Short text fragments from websites:
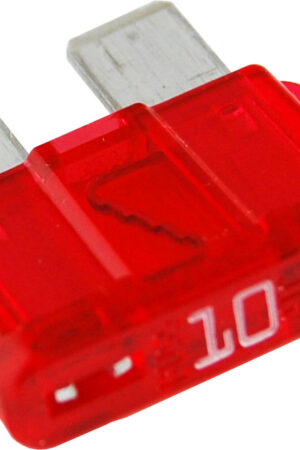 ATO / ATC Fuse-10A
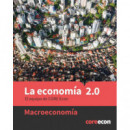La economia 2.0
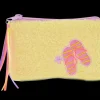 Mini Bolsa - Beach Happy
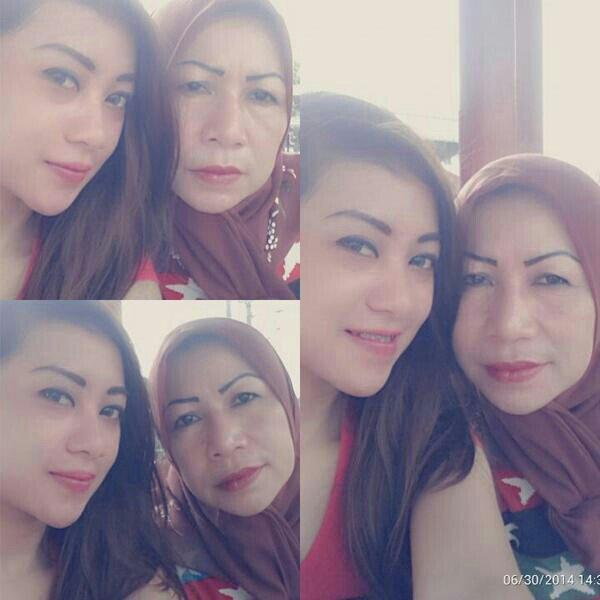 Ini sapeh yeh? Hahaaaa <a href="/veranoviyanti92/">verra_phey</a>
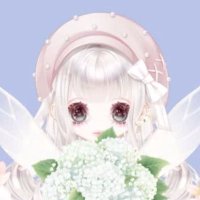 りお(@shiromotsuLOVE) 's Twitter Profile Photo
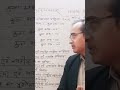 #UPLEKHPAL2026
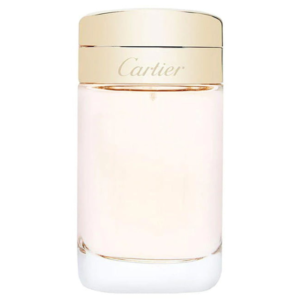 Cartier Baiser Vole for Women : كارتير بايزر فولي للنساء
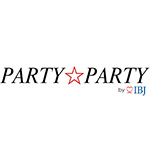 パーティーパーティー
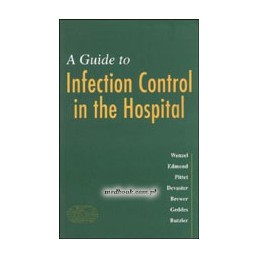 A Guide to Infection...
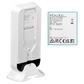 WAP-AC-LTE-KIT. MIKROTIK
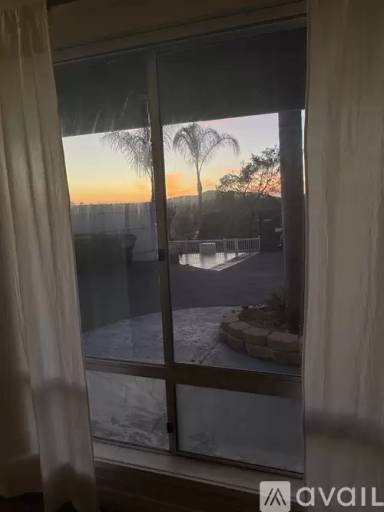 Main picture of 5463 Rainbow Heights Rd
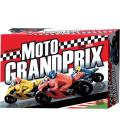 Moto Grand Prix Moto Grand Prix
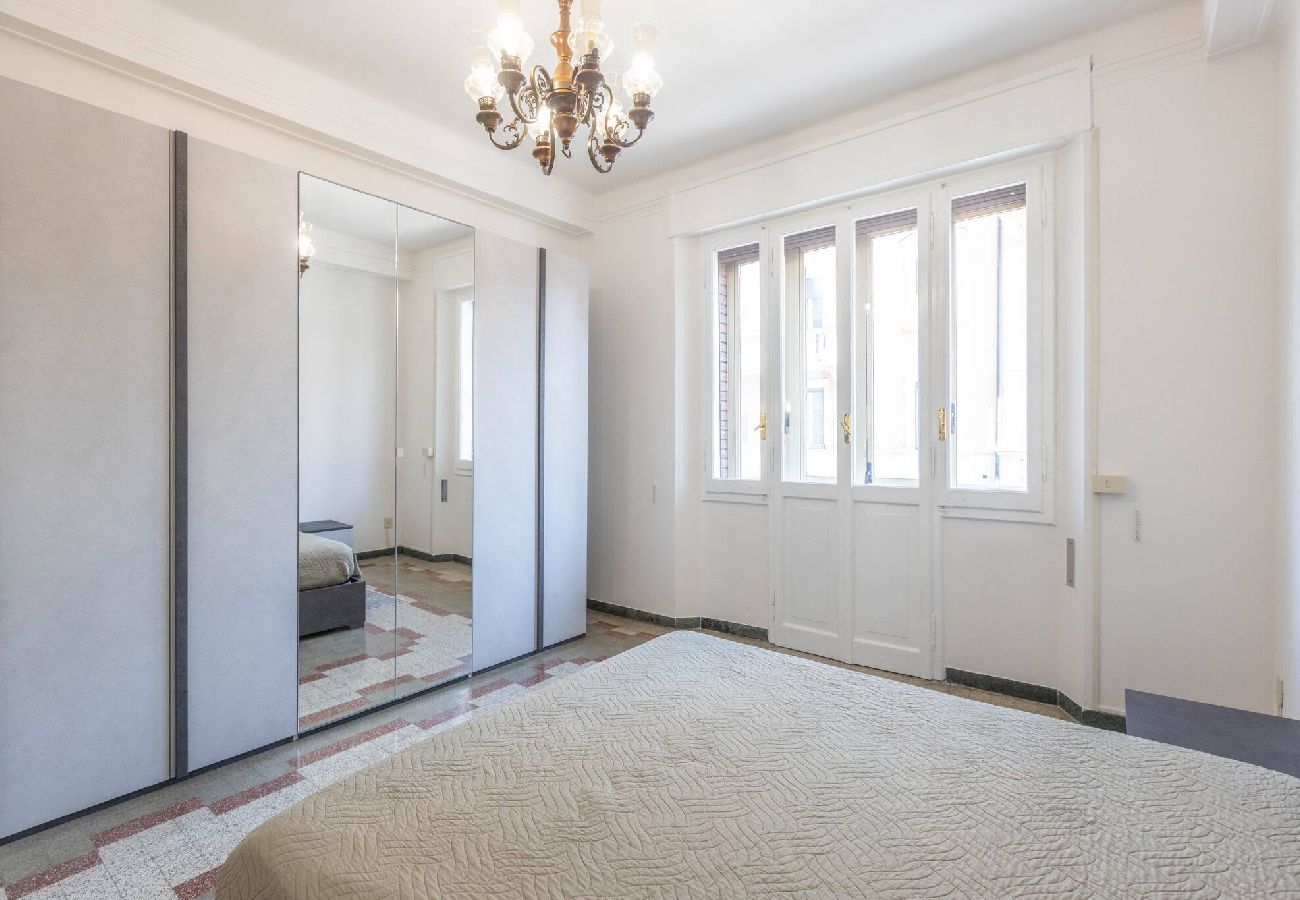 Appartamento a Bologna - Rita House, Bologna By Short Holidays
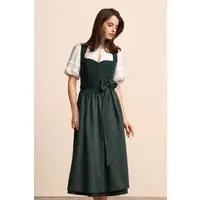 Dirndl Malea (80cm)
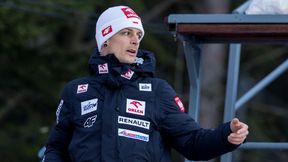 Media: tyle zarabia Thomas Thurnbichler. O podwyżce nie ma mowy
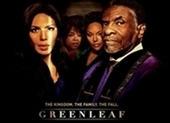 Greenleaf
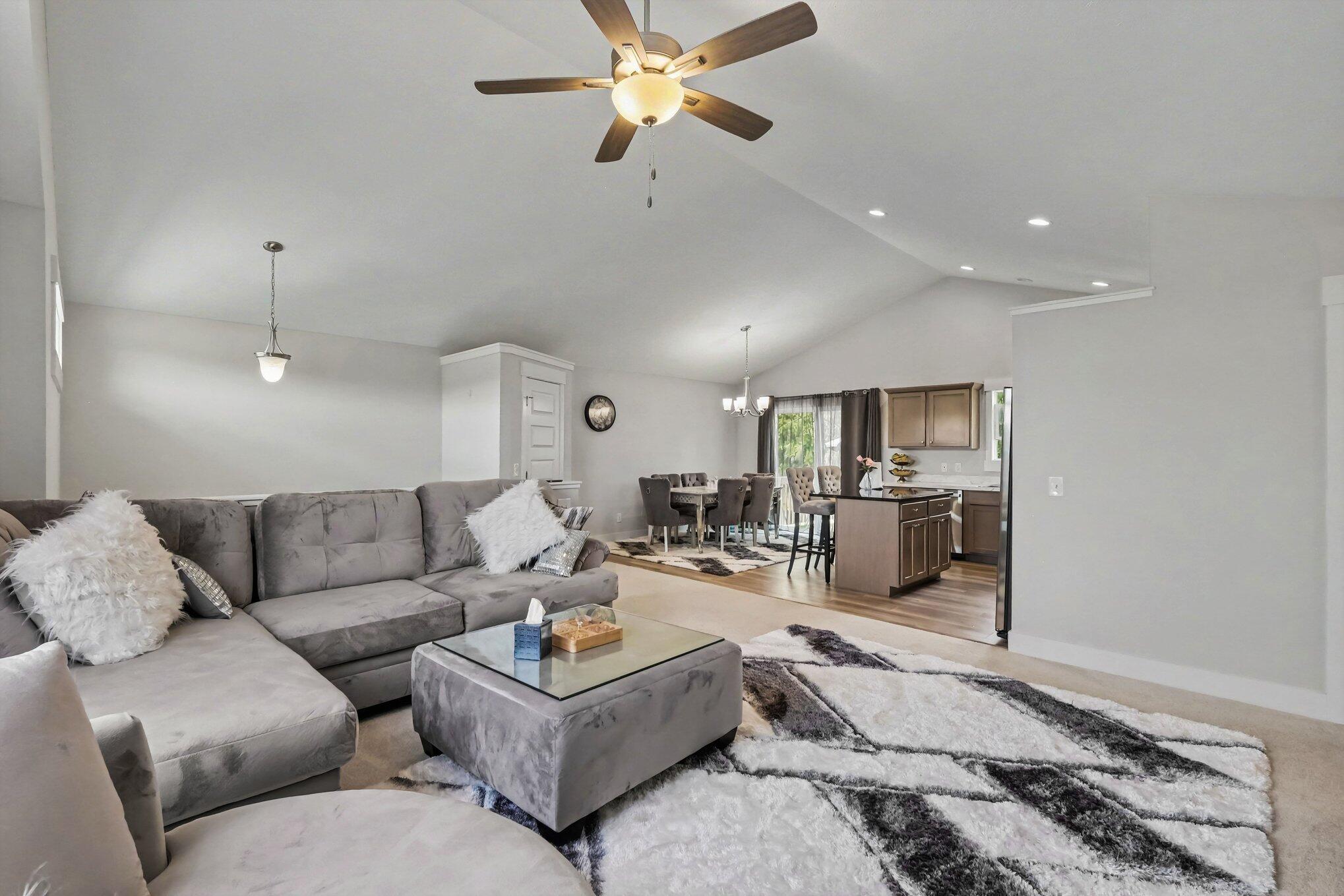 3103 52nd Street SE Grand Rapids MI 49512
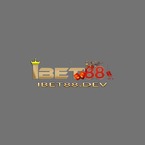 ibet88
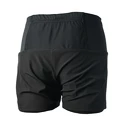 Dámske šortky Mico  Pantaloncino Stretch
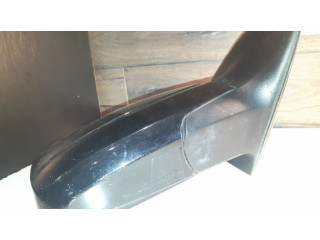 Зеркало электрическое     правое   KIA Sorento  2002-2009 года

Task to carry out:
Write out again, exactly, each line from the one with "WAP-AC-LTE-KIT. MIKROTIK" to the end of the entries. No pictures go in.

Result of this task:
 WAP-AC-LTE-KIT. MIKROTIK
 Main picture of 5463 Rainbow Heights Rd
 Moto Grand Prix Moto Grand Prix
 Appartamento a Bologna - Rita House, Bologna By Short Holidays
 Dirndl Malea (80cm)
 Media: tyle zarabia Thomas Thurnbichler. O podwyżce nie ma mowy
 Greenleaf
 3103 52nd Street SE Grand Rapids MI 49512
 ibet88
 Dámske šortky Mico  Pantaloncino Stretch
 Зеркало электрическое     правое   KIA Sorento  2002-2009 года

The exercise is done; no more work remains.